The peak amplitude of the INaR flowing after pulse depolarization in the hybrid protocol averaged −61.2 ± 2.9 pA in the 5 Hz protocol; −31.8 ± 3.3 pA in the 13 Hz protocol; and −35.4 ± 1.6 pA in the 20 Hz protocol (n = 6). At least for the 5 and 13 Hz protocols, these values are likely to represent appropriate and conservative estimations of the INaR flowing in the early interspike phases of the original AP protocols, because in such cases possible contamination by INaP was negligible (see Fig. 2Bd and C), and the amplitude of the peak INaR evoked by the hybrid protocol was always similar to, or smaller than, that of the inward current recorded in response to the original AP protocol at the same time point. For comparison, command currents applied in current-clamp experiments to evoke 5 Hz, 13 Hz and 20 Hz discharges averaged 75.3 ± 15.2 pA (n = 12), 138.4 ± 19.1 pA (n = 14) and 206.8 ± 23.8 pA (n = 14), respectively.

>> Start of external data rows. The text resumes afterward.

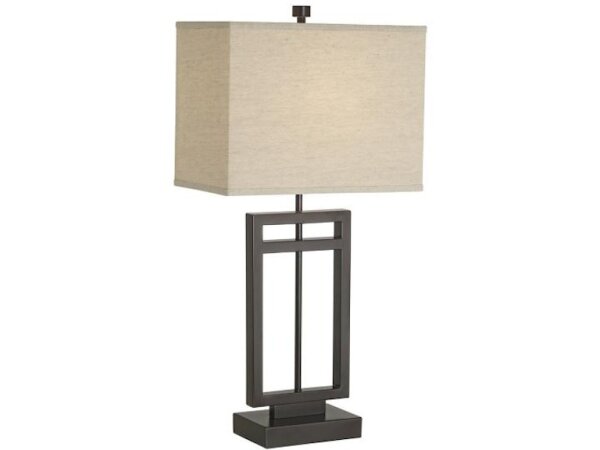Central Loft Table Lamp Lighting Pacific Coast Lighting Central Loft Table Lamp Lighting Pacific Coast Lighting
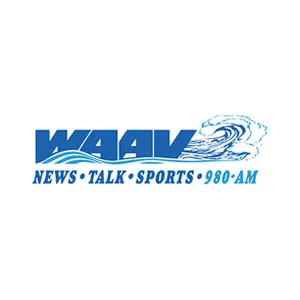 WAAV 980 Die Welle FM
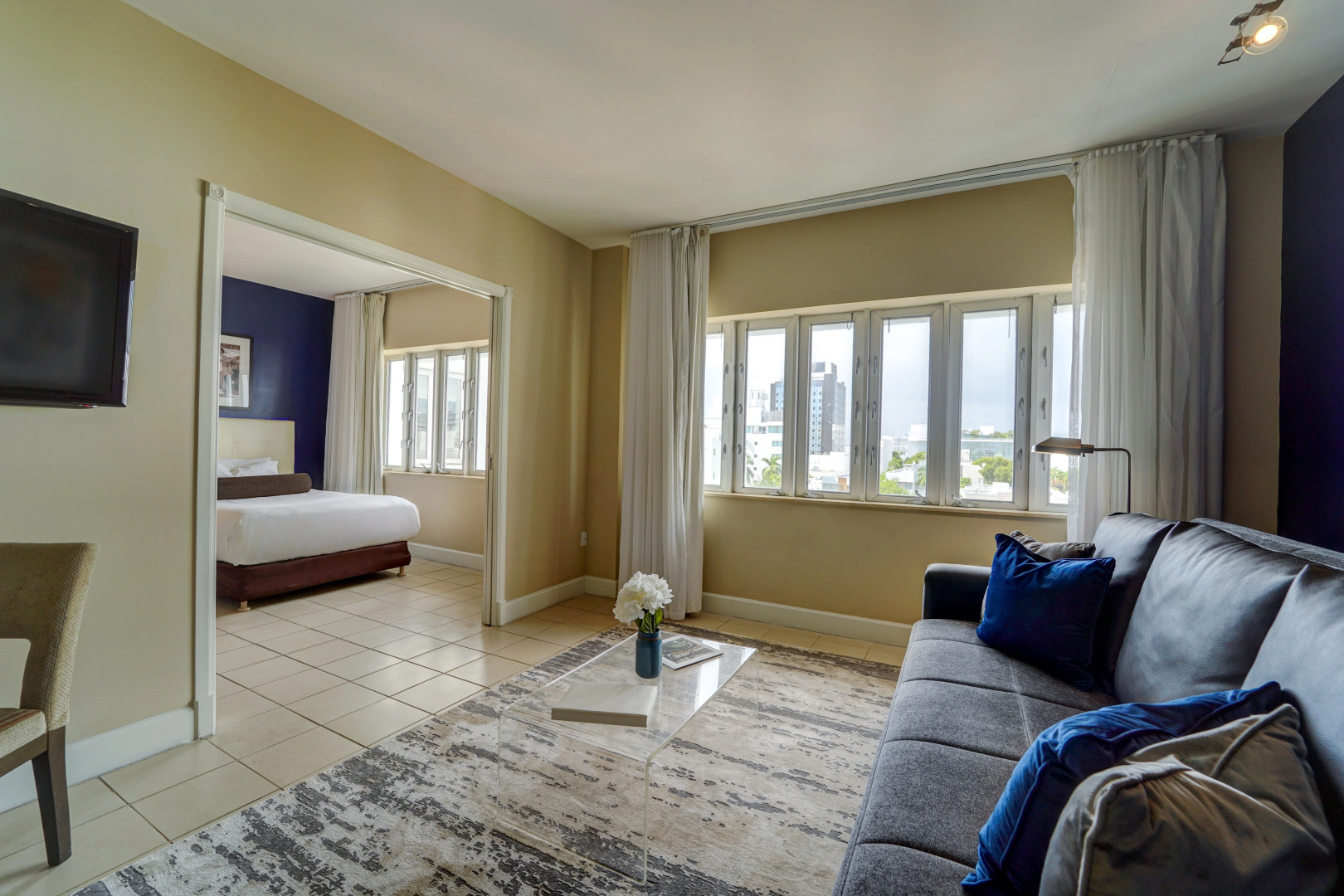 Photo - The Sagamore Hotel South Beach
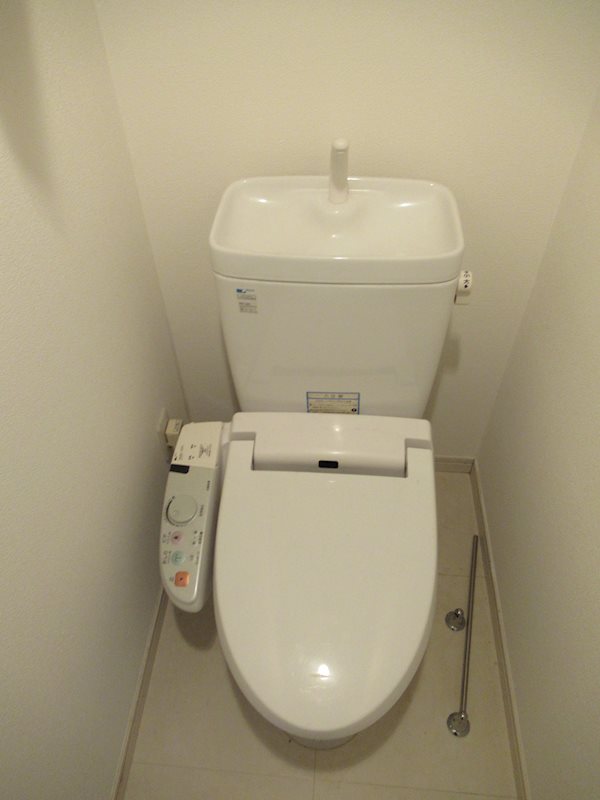 カスタリア新宿御苑 その他1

Location of channels responsible for INaR

As a further step, we attempted to also characterize INaR in acutely isolated neurones, thus avoiding space clamp limitations present in recordings from intact neurones in slices. Neurones were acutely isolated from area 35 layer II using an enzymatic and mechanical dissociation procedure (see Methods), and recordings were carried out using either a 100 mm Na+ extracellular solution (solution A, see Methods) in initial experiments, or a 126 mm Na+ extracellular solution (solution B) in later experiments. In these cells, prominent fast-decaying Na+ currents were elicited by INaT activation protocols (Fig. 3Aa). Maximal INaT amplitude measured at the peak of the current–voltage (IV) relationship averaged −3639.0 ± 306.5 pA (n = 9) in solution A, and −2655.5 ± 454.1 pA (n = 12) in solution B. INaT amplitude normalized to the index of total membrane surface area, Qtot (see Methods), averaged 43.3 ± 7.5 pA fC−1 (n = 9) in solution A, and 31.0 ± 4.2 pA fC−1 (n = 12) in solution B. In 11 cells in which optimal clamp conditions were obtained, the IV relationship of INaT showed a peak at −25 mV (Fig. 3Ab, open circles). Botzmann fittings of activation plots (Fig. 3Ab, filled circles) returned average half-activation potential (V1/2) and slope coefficient (k) equal to −34.9 ± 1.5 mV and −4.5 ± 0.2 mV, respectively (n = 11).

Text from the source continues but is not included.